In the copy, include every record below exactly as it appears, but no pictures.

Information shown START

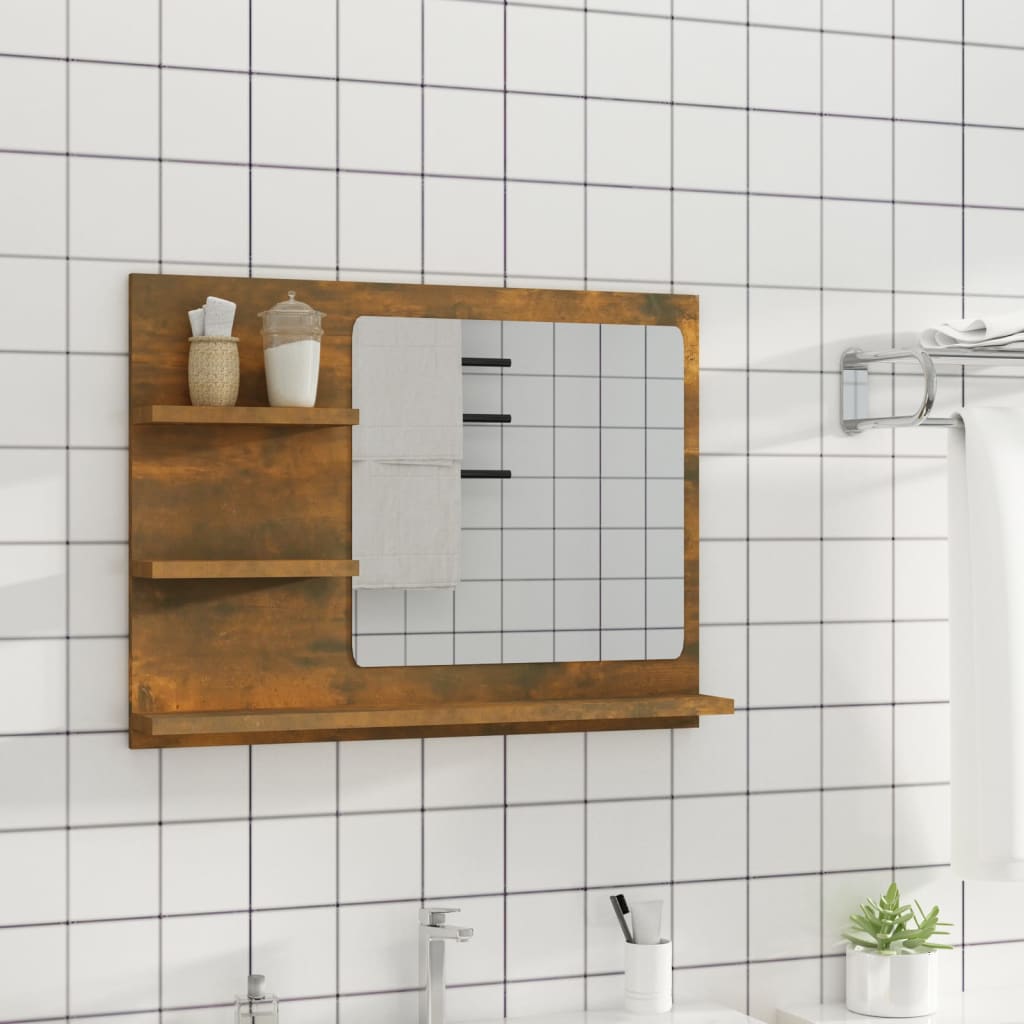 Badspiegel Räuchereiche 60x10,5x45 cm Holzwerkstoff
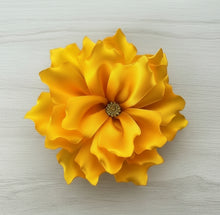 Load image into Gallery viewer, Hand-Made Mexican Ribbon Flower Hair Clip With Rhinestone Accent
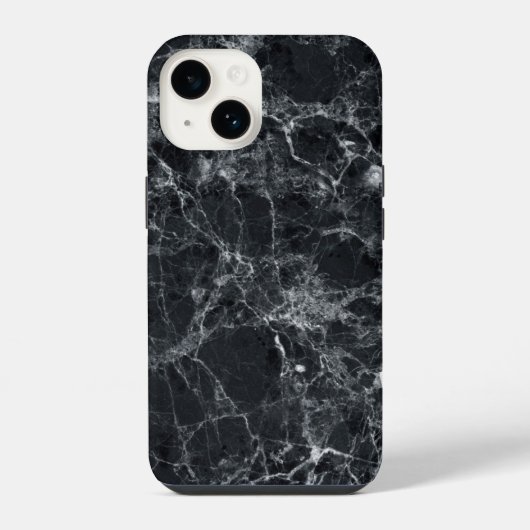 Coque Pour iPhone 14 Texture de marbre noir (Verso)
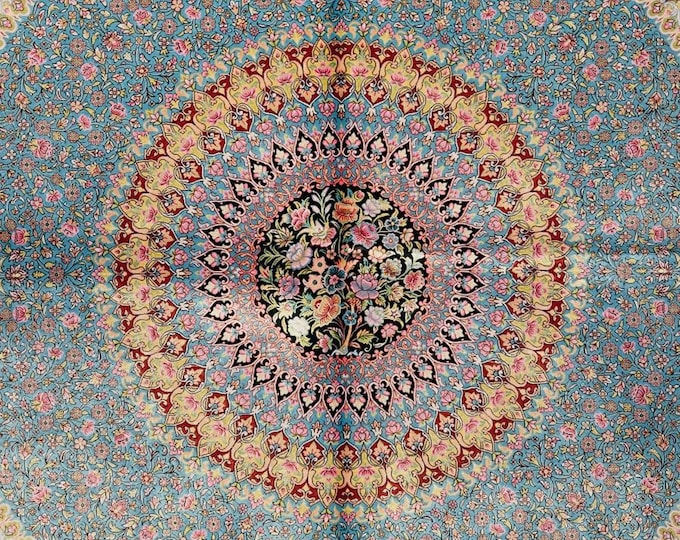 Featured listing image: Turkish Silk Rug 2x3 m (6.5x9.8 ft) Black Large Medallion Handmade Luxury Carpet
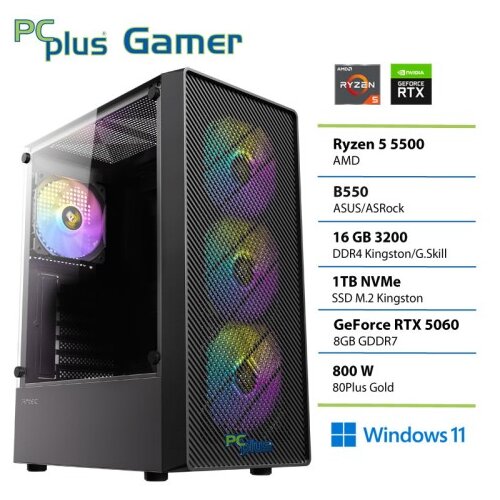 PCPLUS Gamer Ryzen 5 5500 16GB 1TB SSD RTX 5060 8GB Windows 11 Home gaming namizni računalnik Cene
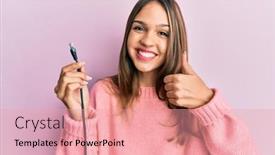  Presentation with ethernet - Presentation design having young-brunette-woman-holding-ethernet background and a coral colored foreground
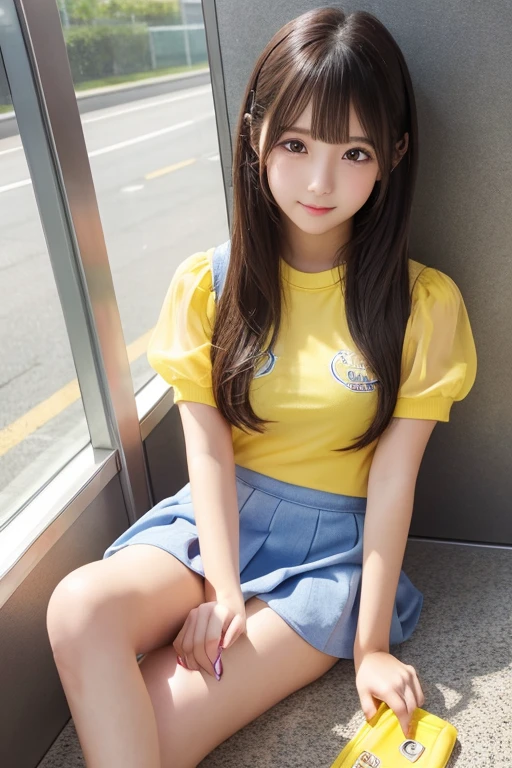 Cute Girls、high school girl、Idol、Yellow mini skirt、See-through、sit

Information shown END

- _Reply to the exercise_
 Badspiegel Räuchereiche 60x10,5x45 cm Holzwerkstoff
 Load image into Gallery viewer, Hand-Made Mexican Ribbon Flower Hair Clip With Rhinestone Accent
 Coque Pour iPhone 14 Texture de marbre noir (Verso)
 Featured listing image: Turkish Silk Rug 2x3 m (6.5x9.8 ft) Black Large Medallion Handmade Luxury Carpet
 PCPLUS Gamer Ryzen 5 5500 16GB 1TB SSD RTX 5060 8GB Windows 11 Home gaming namizni računalnik Cene
  Presentation with ethernet - Presentation design having young-brunette-woman-holding-ethernet background and a coral colored foreground
 Cute Girls、high school girl、Idol、Yellow mini skirt、See-through、sit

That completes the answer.